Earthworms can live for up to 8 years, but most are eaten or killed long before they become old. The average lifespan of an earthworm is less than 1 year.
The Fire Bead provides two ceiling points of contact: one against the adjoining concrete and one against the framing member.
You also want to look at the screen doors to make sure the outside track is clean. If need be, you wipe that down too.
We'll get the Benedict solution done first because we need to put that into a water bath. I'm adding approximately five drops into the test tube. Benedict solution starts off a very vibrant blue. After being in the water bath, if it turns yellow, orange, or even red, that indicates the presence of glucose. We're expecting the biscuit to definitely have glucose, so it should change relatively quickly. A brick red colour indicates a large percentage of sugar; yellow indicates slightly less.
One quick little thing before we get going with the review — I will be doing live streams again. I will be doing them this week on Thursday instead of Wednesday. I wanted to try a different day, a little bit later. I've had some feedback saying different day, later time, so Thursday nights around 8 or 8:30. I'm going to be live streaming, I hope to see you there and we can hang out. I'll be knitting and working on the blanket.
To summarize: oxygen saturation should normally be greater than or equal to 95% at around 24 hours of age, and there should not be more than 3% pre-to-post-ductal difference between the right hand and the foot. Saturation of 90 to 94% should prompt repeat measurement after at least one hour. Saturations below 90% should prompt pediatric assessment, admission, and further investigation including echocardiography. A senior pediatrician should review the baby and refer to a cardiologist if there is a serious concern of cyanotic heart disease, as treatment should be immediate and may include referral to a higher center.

::::::

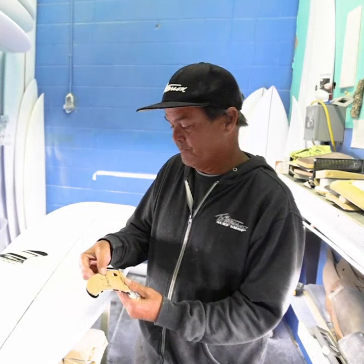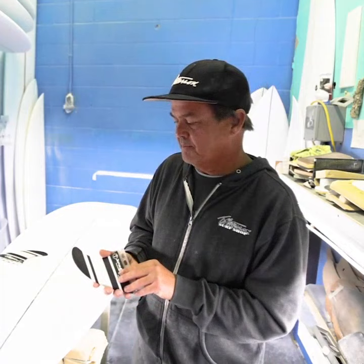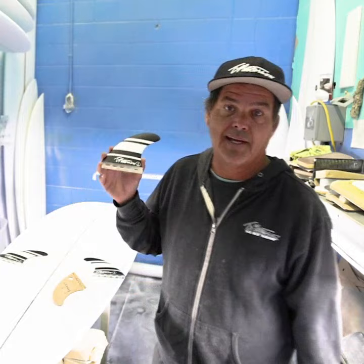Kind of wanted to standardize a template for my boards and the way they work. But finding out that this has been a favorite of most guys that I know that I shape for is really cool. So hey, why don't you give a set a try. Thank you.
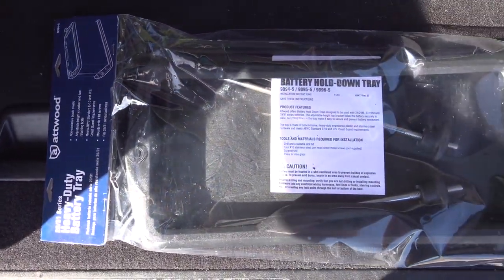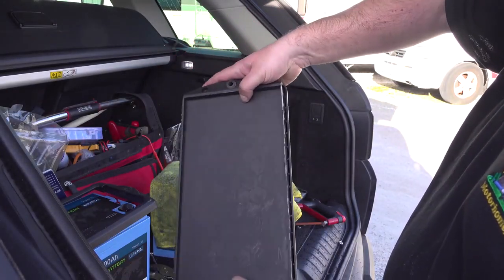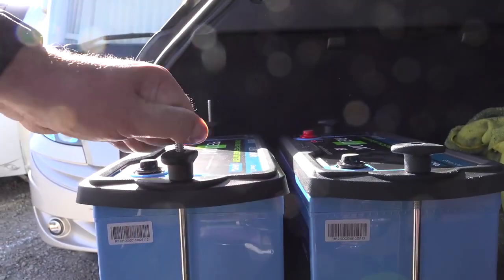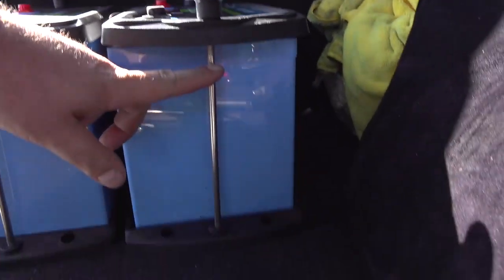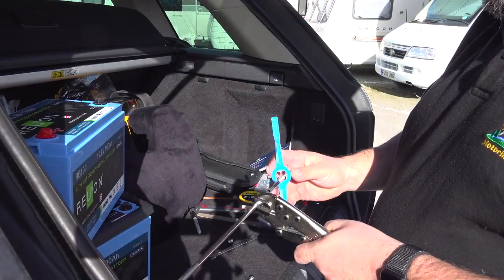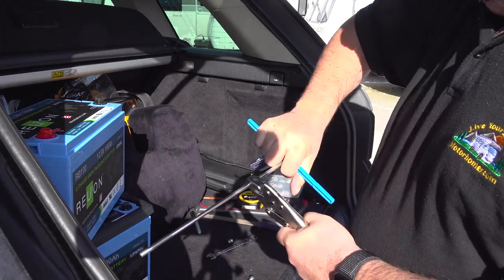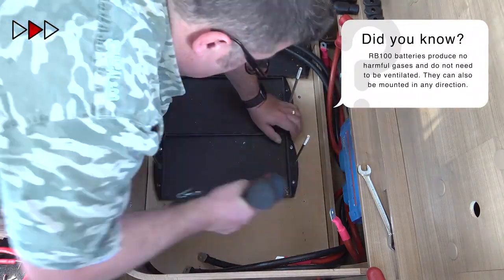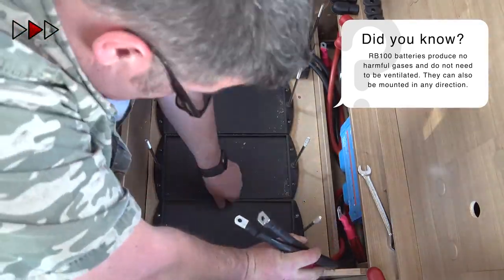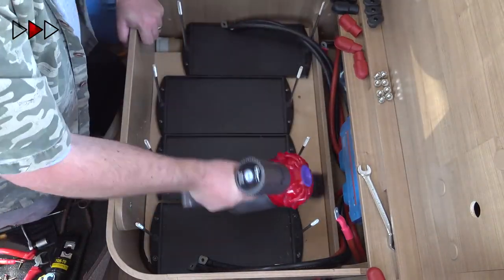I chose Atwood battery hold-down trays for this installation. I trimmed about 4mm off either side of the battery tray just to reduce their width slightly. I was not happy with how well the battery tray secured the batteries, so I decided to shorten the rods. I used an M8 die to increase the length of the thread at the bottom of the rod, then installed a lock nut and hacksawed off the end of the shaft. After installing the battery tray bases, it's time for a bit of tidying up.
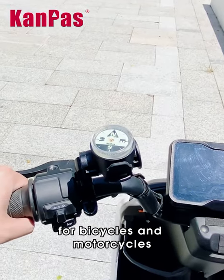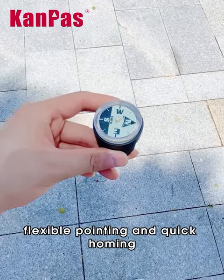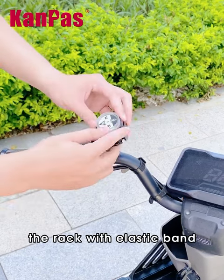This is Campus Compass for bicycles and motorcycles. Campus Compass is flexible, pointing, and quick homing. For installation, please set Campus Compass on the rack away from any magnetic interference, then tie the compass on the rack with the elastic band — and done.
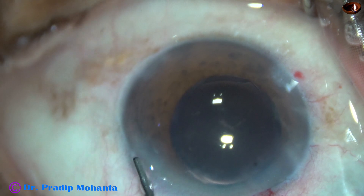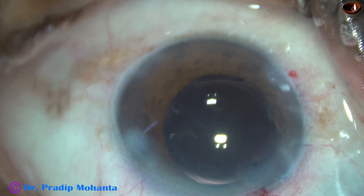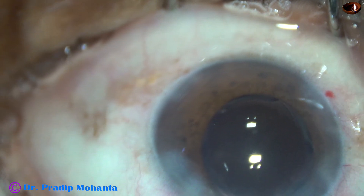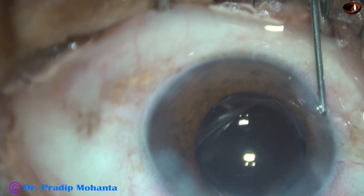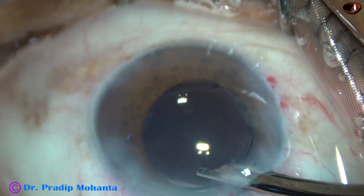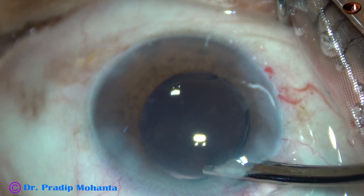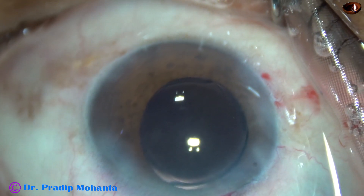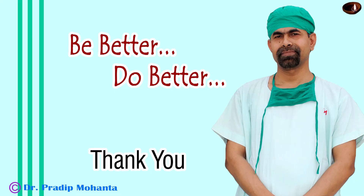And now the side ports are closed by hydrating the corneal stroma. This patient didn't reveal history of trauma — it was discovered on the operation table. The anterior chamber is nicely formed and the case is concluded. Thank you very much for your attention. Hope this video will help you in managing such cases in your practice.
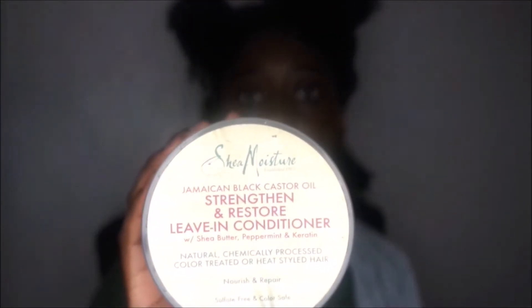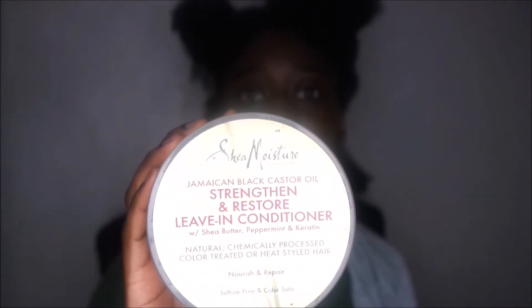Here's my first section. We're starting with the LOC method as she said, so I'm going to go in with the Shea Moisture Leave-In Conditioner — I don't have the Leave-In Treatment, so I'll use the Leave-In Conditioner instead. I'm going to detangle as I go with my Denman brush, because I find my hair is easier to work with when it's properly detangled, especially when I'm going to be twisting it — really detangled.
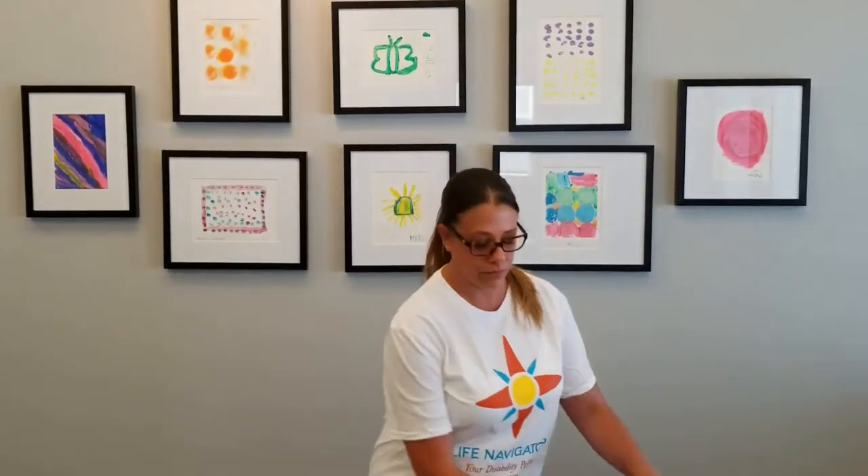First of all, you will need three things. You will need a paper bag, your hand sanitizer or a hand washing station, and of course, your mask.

::::::

◆ TASK ITEM
All that belongs in the answer is the run of lines above from the line containing "Earthworms can live" through the line containing "You also want", exactly as written.

◆ SOLUTION
Earthworms can live for up to 8 years, but most are eaten or killed long before they become old. The average lifespan of an earthworm is less than 1 year.
The Fire Bead provides two ceiling points of contact: one against the adjoining concrete and one against the framing member.
You also want to look at the screen doors to make sure the outside track is clean. If need be, you wipe that down too.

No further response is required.